Supplied records START

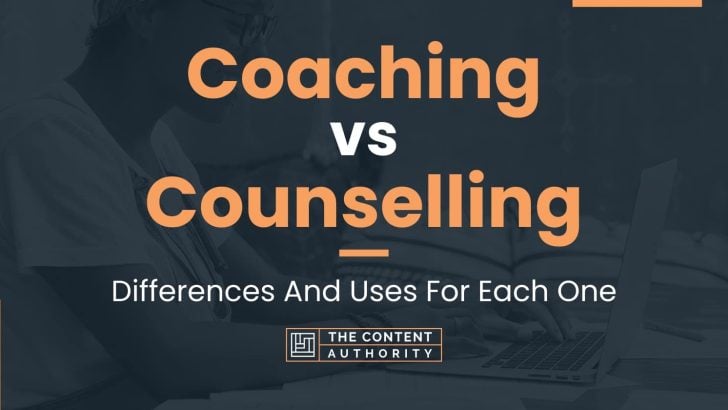 Coaching vs Counselling: Differences And Uses For Each One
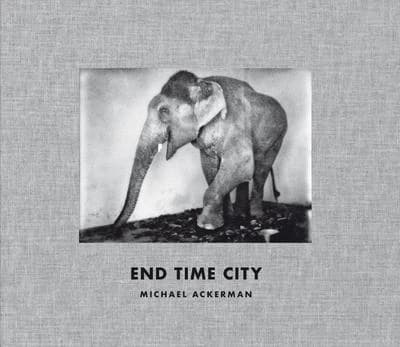 End time city (Nouvelle éd. augmentée) [photographs by] Michael Ackerman ; text by Christian Caujolle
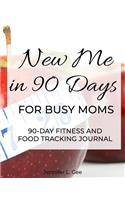 New Me in 90 Days for Busy Moms: 90 Day Fitness and Food Journal especially for Busy Moms Health and Fitness Tracker Weight-loss aid Diet and Exercise Log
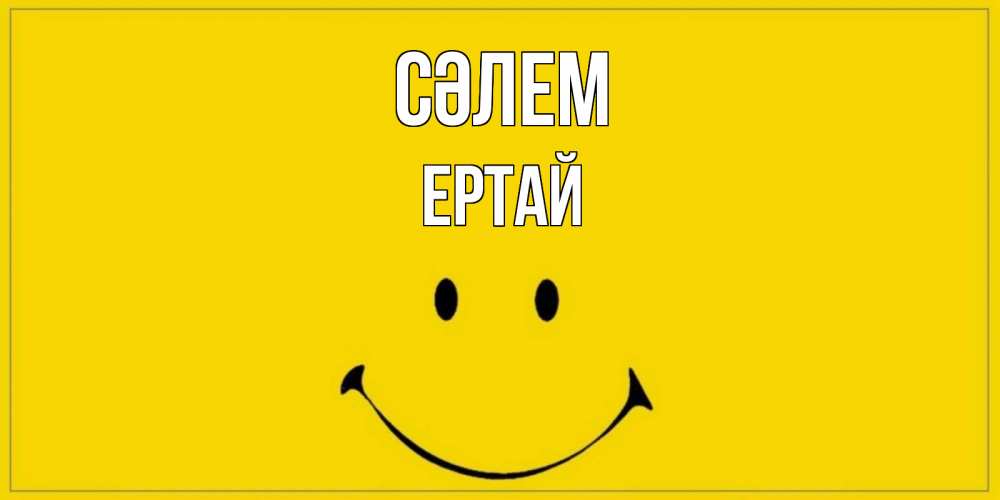 Күн сайын ашық хат с именем, Ертай Сәлем смайл Онлайн тегін жүктеп алу тілектері бар керемет карта 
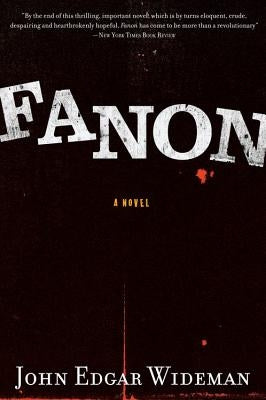 Fanon by Wideman, John Edgar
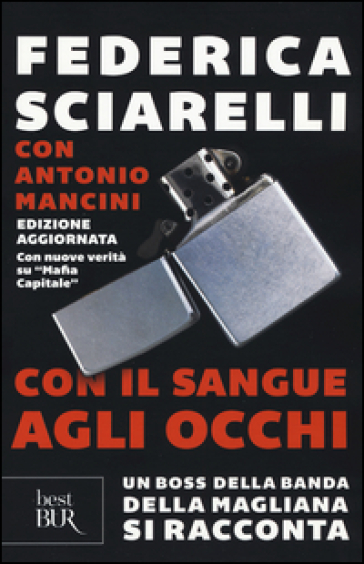 Con il sangue agli occhi. Un boss della banda della Magliana si racconta - Federica Sciarelli - Antonio Mancini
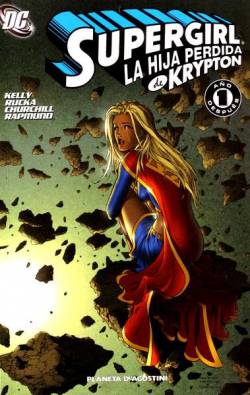 Portada Supergirl Volumen I # 02 La Hija Perdida De Krypton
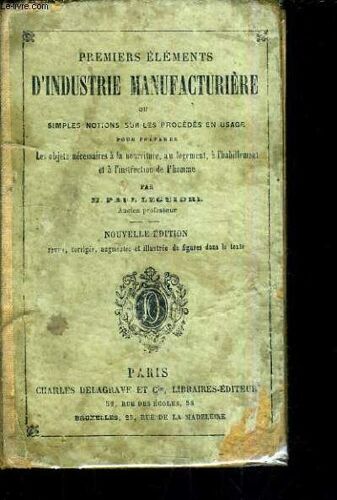 Premiers Elements D'industrie Manufacturiere Ou Simples Notions Sur Les Procedes En Usage Pour Preparer Les Objets Necessaires A La Nourriture Au Logement A L'habillement Et A L'instruction ...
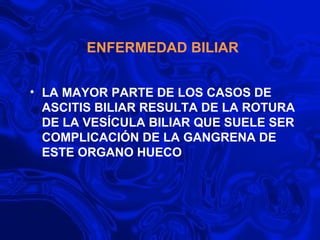 ENFERMEDAD BILIAR LA MAYOR PARTE DE LOS CASOS DE ASCITIS BILIAR RESULTA DE LA ROTURA DE LA VESÍCULA BILIAR QUE SUELE SER COMPLICACIÓN DE LA GANGRENA DE ESTE ORGANO HUECO 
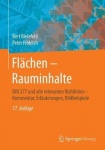 Flachen - Rauminhalte - DIN 277 und alle relevanten Richtlinien - Kommentar, Erlauterungen, Bildbeispiele
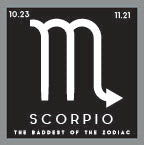 Scorpio - The Baddest of the Zodiac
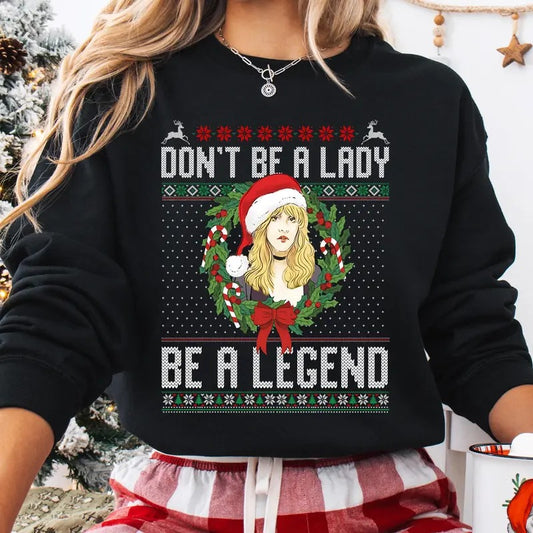 Don't Be A Lady Be A Legend Nicks Christmas Sweater, Steeviie Rock and Roll Sweater, Rock Band Sweater, Rock Lover Sweater, Classic Rock, Fleetwood Sweater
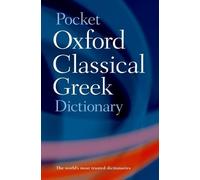 James Morwood – The Pocket Oxford Classical Greek Dictionary – Paperback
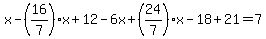 +x+-%2816%2F7%29x+%2B+12+-+6x+%2B+%2824%2F7%29x+-18+%2B+21+=+7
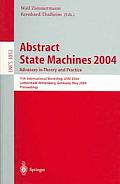 Abstract State Machines 2004. Advances in Theory and Practice: 11th International Workshop, ASM 2004, Lutherstadt Wittenberg, Germany, May 24-28, 2004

Supplied records END

Transcribe exactly, and only, the lines from the one containing "Күн сайын ашық" through the last line of the records above, both included; leave out the pictures.

# Expected output
 Күн сайын ашық хат с именем, Ертай Сәлем смайл Онлайн тегін жүктеп алу тілектері бар керемет карта 
 Fanon by Wideman, John Edgar
 Con il sangue agli occhi. Un boss della banda della Magliana si racconta - Federica Sciarelli - Antonio Mancini
 Portada Supergirl Volumen I # 02 La Hija Perdida De Krypton
 Premiers Elements D'industrie Manufacturiere Ou Simples Notions Sur Les Procedes En Usage Pour Preparer Les Objets Necessaires A La Nourriture Au Logement A L'habillement Et A L'instruction ...
 ENFERMEDAD BILIAR LA MAYOR PARTE DE LOS CASOS DE ASCITIS BILIAR RESULTA DE LA ROTURA DE LA VESÍCULA BILIAR QUE SUELE SER COMPLICACIÓN DE LA GANGRENA DE ESTE ORGANO HUECO 
 Flachen - Rauminhalte - DIN 277 und alle relevanten Richtlinien - Kommentar, Erlauterungen, Bildbeispiele
 Scorpio - The Baddest of the Zodiac
 Don't Be A Lady Be A Legend Nicks Christmas Sweater, Steeviie Rock and Roll Sweater, Rock Band Sweater, Rock Lover Sweater, Classic Rock, Fleetwood Sweater
 James Morwood – The Pocket Oxford Classical Greek Dictionary – Paperback
 +x+-%2816%2F7%29x+%2B+12+-+6x+%2B+%2824%2F7%29x+-18+%2B+21+=+7
 Abstract State Machines 2004. Advances in Theory and Practice: 11th International Workshop, ASM 2004, Lutherstadt Wittenberg, Germany, May 24-28, 2004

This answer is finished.